I only need a little bit of respite – ten minutes reading the paper or in the bath before someone interrupts me – to appreciate the intensity of solo parenting. I remember the years when I was breastfeeding baby after baby, and then carrying a child in a sling or on my shoulders. Sometimes I was pregnant as well as breastfeeding and that created a whole new level of exhaustion. During that time, I almost forgot what it was like to walk alone. It has taken me a while to rediscover the simple joy of my own space, enforced by having my own bedroom that is only shared if a child creeps in during the night. Now I crave my daughters’ arms around my neck, wisps of their hair in my mouth. Sometimes it’s only when something disappears, that you realise how much you miss it.

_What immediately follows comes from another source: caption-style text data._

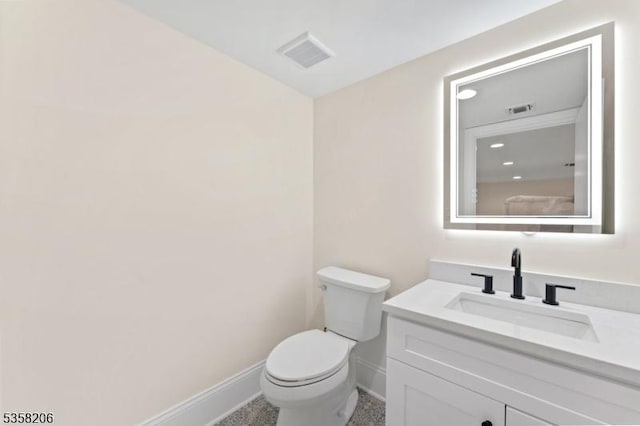 bathroom with baseboards, toilet, and vanity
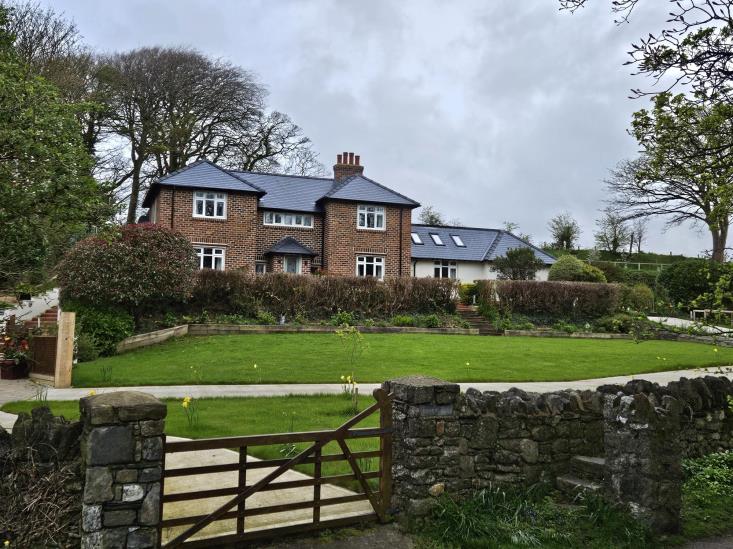 A photograph showing a large detached brick house with a slate roof set back on a grassy slope, viewed through a stone wall and wooden gate.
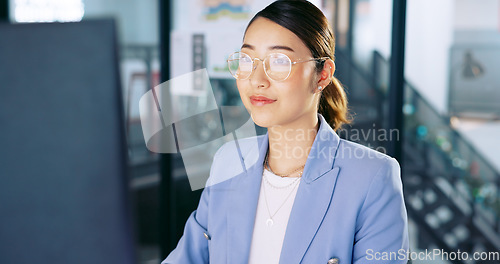 Image of Computer, office and Asian business woman with glasses typing and planning a corporate project. Success, professional and professional employee working on a company report, document or proposal on pc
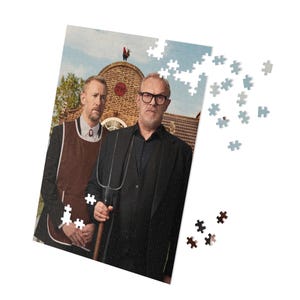 May include: A partially assembled jigsaw puzzle featuring two men in front of a brick building. One man wears glasses and holds a pitchfork. A rooster sits atop the building. Scattered puzzle pieces are visible.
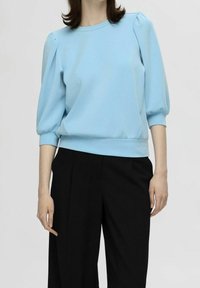 Jersey de color azul claro con mangas abullonadas, escote redondo y puños elásticos, combinado con pantalones negros de corte ajustado. Textura de tela suave.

I am learning to lose that feeling of not being enough, and accepting that I have to be. Sometimes a fear that I will get ill or have an accident catches me off guard, and then enough won’t even come into the equation because I won’t be here anymore. Perhaps this is what spurs me on to run in laps around my back lane while the girls whizz up and down on their bikes. Maybe this is why I pack hot chocolate and towels into a bag and gasp in the freezing sea while a small child clings to my neck. And it’s probably why we plant seeds in my tiny front garden, just to feel the sun on our arms and the breeze on our cheeks. These acts keep me grounded, make me feel smaller and less significant, but in a good way. I can’t control everything.
In the middle of the storm, someone wise told me that I had to take a long-term view on my mothering. They told me that when my daughters stopped needing me so viscerally they would look back with affection, catching glimpses of our life as a tribe of girls. This would be my advice to you. You are in this for the long haul. Love yourself as much as you are loved.